» WHAT NEEDS TO BE DONE
Only the lines from the one bearing "Fisarmonica Victoria V1" through the end of the entries should be output, exactly as they stand, and pictures should be skipped.

» RECORDED INFORMATION
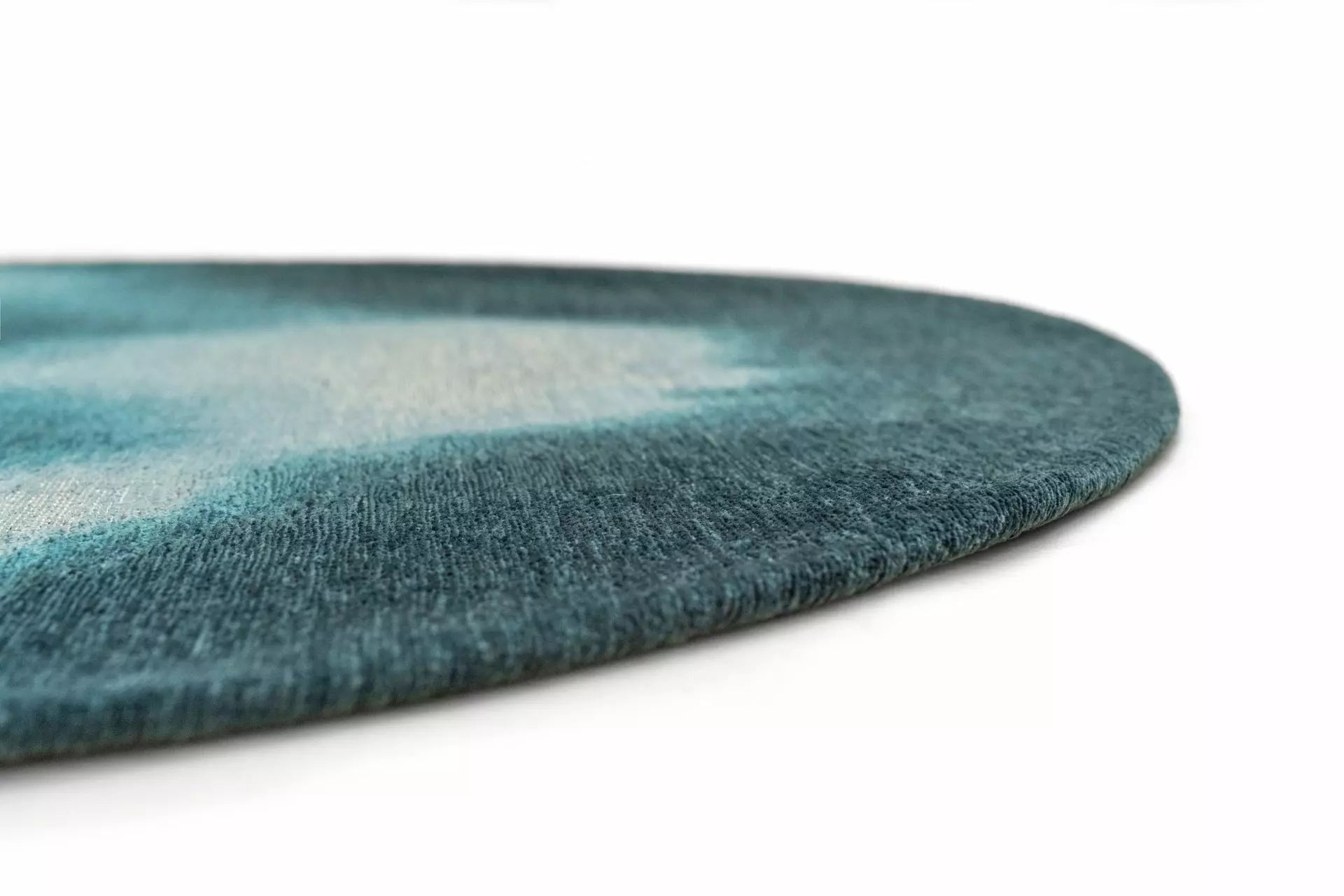 AQUARELLE LEAF oval rug in blue and gray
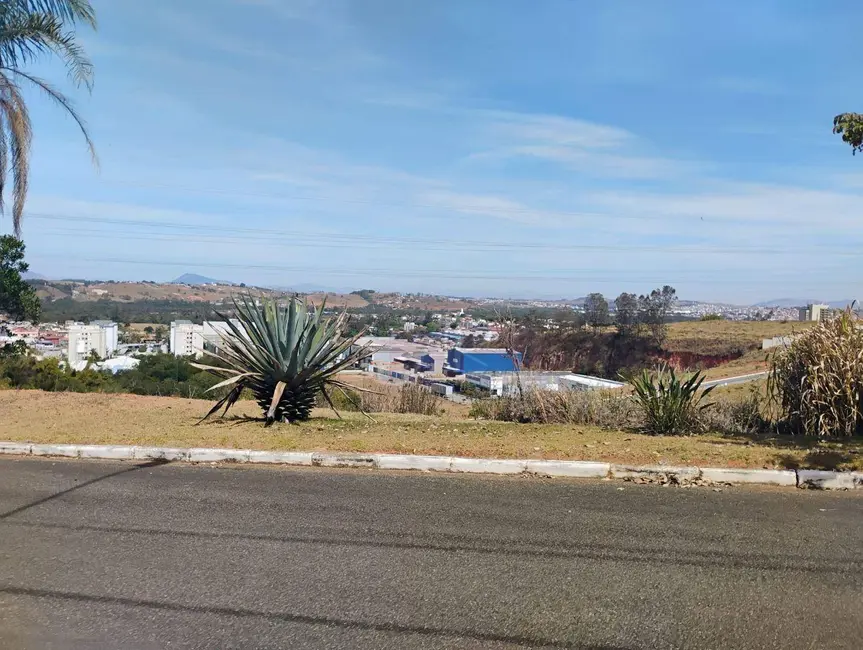 Foto 6 de Terreno / Lote à venda, 1890m2 em Pouso Alegre - MG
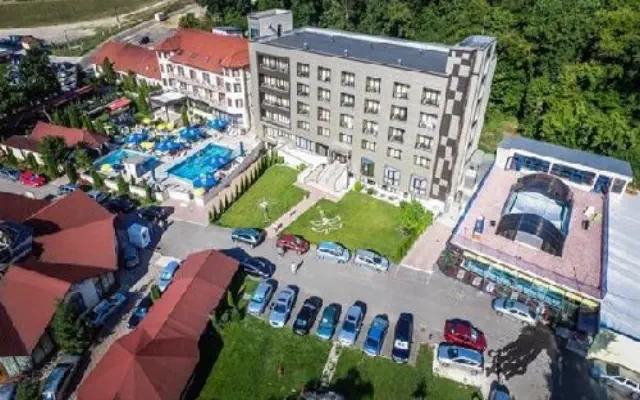 Aqua President Complex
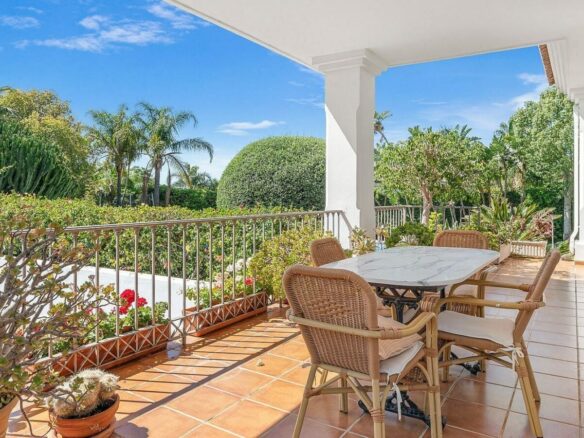 Andalusian villa with sea views and pool in El Paraiso Alto, Benahavis
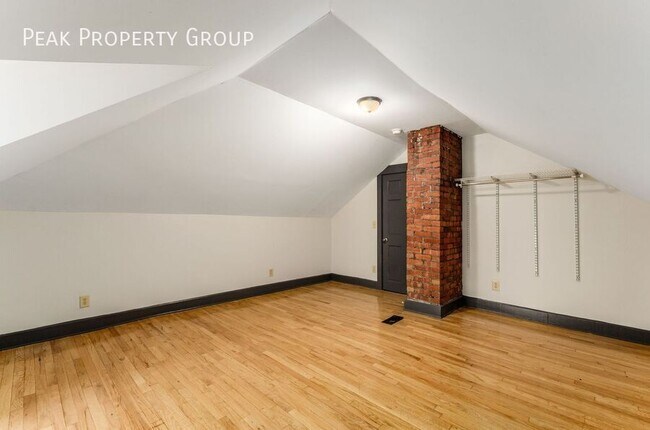 Building Photo - 180-182 W. 8th Avenue-182 W. 8th Avenue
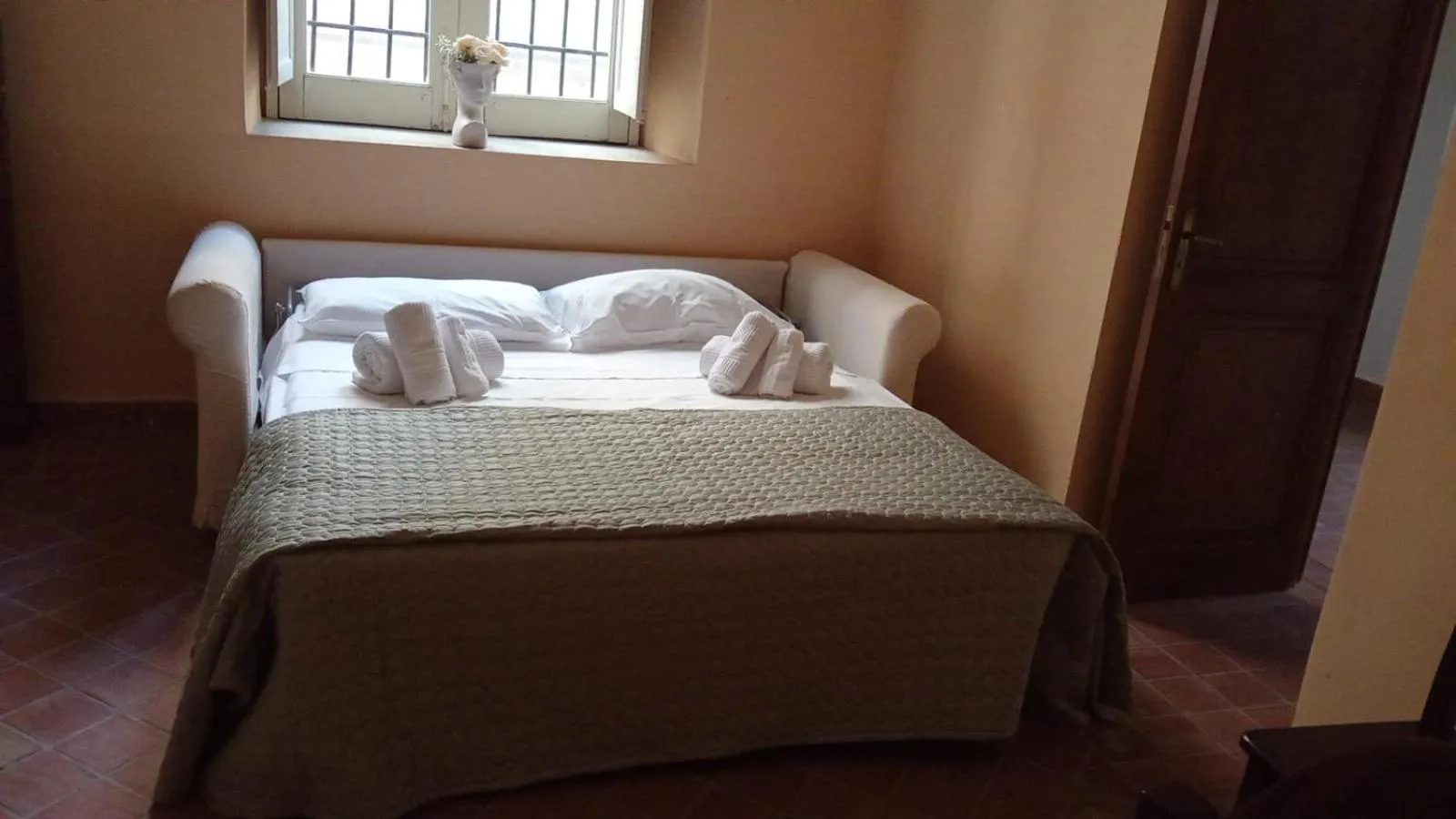 Bed in Maison Canopée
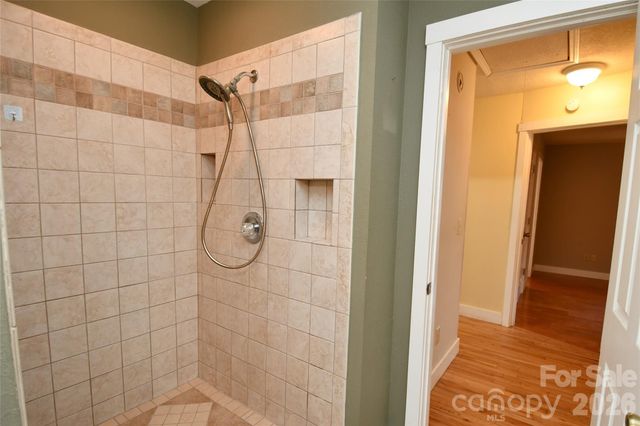 477 West Ridge Drive, Burnsville, NC 28714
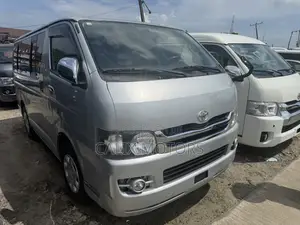 Toyota HiAce 2014 Grey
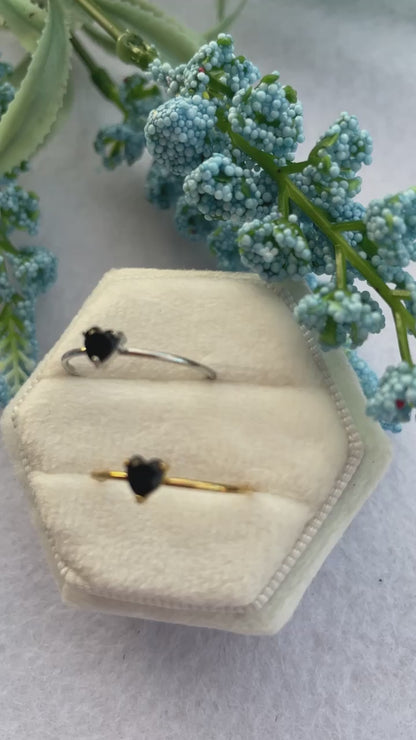 Anello arcobaleno cuore nero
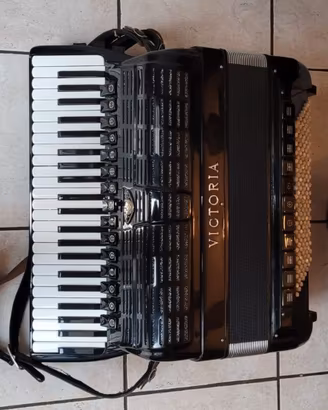 Fisarmonica Victoria V1 46 tasti 160 bassi sciolti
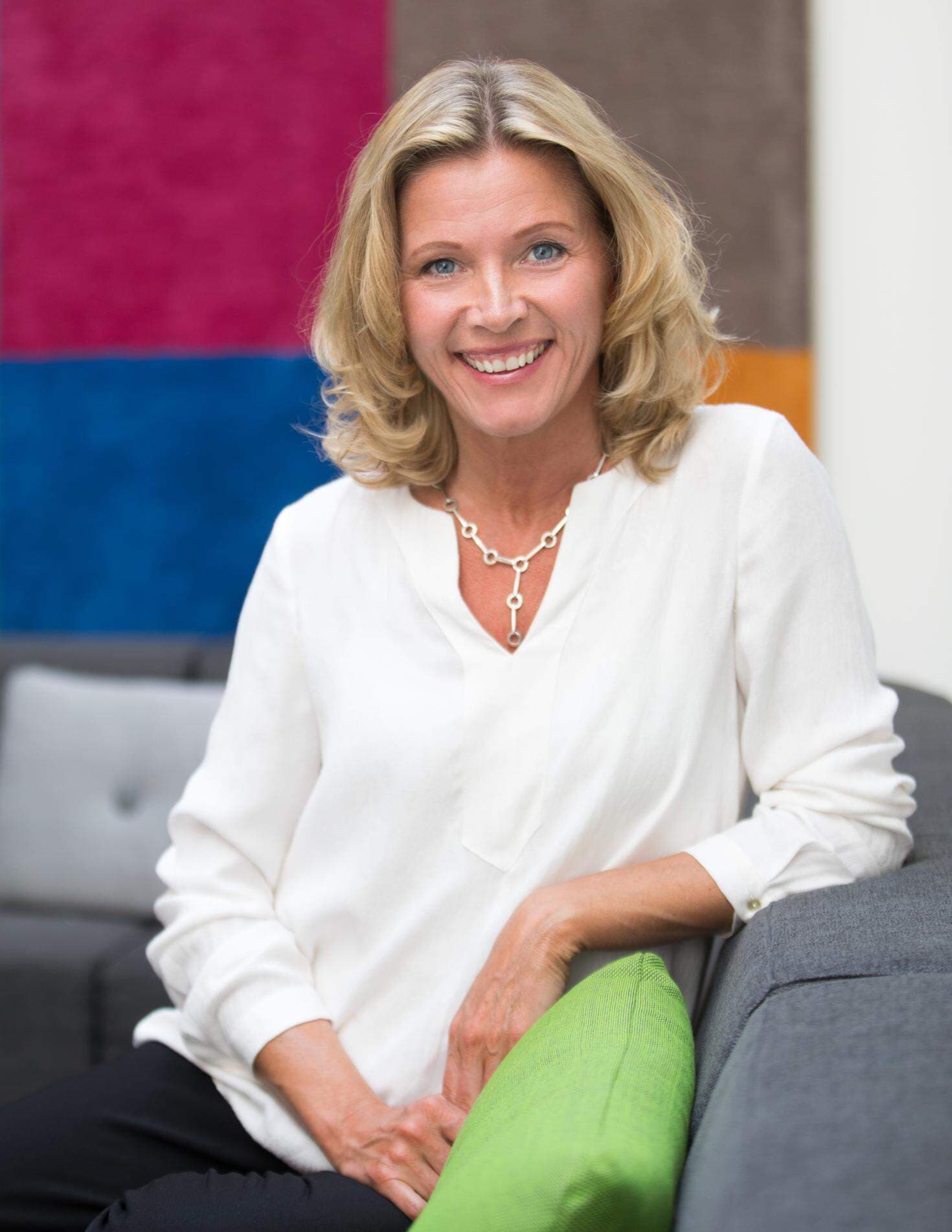 Ingela Gullberg, Academedia
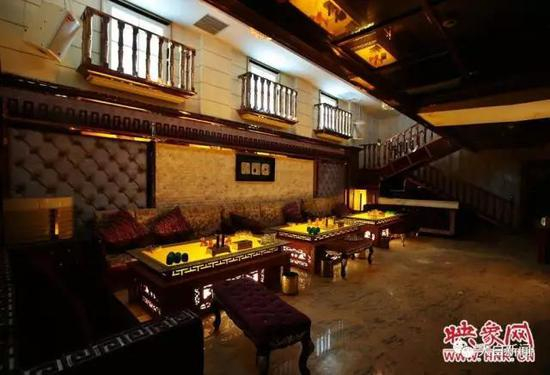  复式的包间一楼唱歌，二楼有棋牌室和会客室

» RESULT OF THE EXERCISE
 Fisarmonica Victoria V1 46 tasti 160 bassi sciolti
 Ingela Gullberg, Academedia
  复式的包间一楼唱歌，二楼有棋牌室和会客室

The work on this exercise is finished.